RP1: Distributed and Real-Time Machine Learning for Financial Data Analysis (WP1)


Big data has both high volume and high velocity – one way this manifests is as silos of in-situ data representing departments in banks that are very difficult to move and integrate to obtain a single coherent customer view. Further, the ability to perform data analytics – dynamically and in near real-time – of rapidly changing customer and market data is increasingly critical for competitiveness. By considering the distributed nature of financial data storage and the velocity of financial markets, the objective of this RP is to develop distributed and real-time machine learning methods to identify decentralised and dynamic models for financial analysis, prediction, and risk management.

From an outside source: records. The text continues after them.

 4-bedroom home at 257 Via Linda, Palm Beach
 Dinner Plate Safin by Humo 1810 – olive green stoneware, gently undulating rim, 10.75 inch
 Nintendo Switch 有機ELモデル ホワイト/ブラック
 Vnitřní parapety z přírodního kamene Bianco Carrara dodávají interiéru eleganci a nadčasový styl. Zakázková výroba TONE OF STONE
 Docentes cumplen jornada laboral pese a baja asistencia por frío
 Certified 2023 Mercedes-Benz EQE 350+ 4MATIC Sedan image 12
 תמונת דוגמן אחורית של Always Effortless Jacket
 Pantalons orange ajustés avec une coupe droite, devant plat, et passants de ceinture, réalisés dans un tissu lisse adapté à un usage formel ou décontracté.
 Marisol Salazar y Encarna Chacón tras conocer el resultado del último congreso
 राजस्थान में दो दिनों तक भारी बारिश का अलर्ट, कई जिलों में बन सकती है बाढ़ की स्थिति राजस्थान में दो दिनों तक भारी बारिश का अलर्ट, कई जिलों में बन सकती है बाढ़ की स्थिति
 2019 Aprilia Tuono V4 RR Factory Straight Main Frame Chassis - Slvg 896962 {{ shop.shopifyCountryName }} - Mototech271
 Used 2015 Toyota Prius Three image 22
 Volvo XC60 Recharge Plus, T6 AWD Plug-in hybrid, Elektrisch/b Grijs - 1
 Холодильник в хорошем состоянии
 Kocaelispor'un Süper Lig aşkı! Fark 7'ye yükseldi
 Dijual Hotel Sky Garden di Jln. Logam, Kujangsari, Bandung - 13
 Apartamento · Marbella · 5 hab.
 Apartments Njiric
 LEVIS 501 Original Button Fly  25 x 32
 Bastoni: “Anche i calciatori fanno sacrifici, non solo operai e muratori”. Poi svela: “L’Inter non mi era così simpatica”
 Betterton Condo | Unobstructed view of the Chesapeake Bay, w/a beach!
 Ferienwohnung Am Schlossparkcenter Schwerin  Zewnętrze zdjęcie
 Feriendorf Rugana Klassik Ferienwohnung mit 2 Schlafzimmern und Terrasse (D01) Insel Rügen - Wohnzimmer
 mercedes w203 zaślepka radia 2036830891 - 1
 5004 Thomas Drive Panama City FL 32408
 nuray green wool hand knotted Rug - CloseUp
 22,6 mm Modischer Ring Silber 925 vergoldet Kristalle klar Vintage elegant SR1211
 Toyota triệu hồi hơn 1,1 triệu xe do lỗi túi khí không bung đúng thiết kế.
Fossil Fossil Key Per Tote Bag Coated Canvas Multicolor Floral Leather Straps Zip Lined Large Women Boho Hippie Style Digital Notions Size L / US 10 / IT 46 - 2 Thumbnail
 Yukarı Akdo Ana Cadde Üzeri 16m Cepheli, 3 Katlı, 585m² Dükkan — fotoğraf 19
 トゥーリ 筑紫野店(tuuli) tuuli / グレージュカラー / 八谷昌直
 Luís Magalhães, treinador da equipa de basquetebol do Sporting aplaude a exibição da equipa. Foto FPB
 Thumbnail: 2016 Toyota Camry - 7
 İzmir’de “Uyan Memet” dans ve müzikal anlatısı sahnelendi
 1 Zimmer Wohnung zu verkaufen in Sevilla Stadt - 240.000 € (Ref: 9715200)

This project will develop (i) methods to identify cross-effects between different data resources, regions, sectors, and markets, (ii) distributed versions of methods to identify decentralised models that include individual local model components learned from local resources and cross-impact model components learned from data resources in other regions/sectors/markets, and (iii) real-time learning methods to update decentralised models and address financial market velocity.

Based on the distributed and cloud computing infrastructure, this approach should address the weakness of existing data-centralised and off-line machine learning methods, which fail to consider the cost of data transportation, storage, and fast timevarying characteristics of financial markets. The originality of this approach is its dynamic integration, by distributed and real-time mining, to maximise the effectiveness and efficiency of big data analysis.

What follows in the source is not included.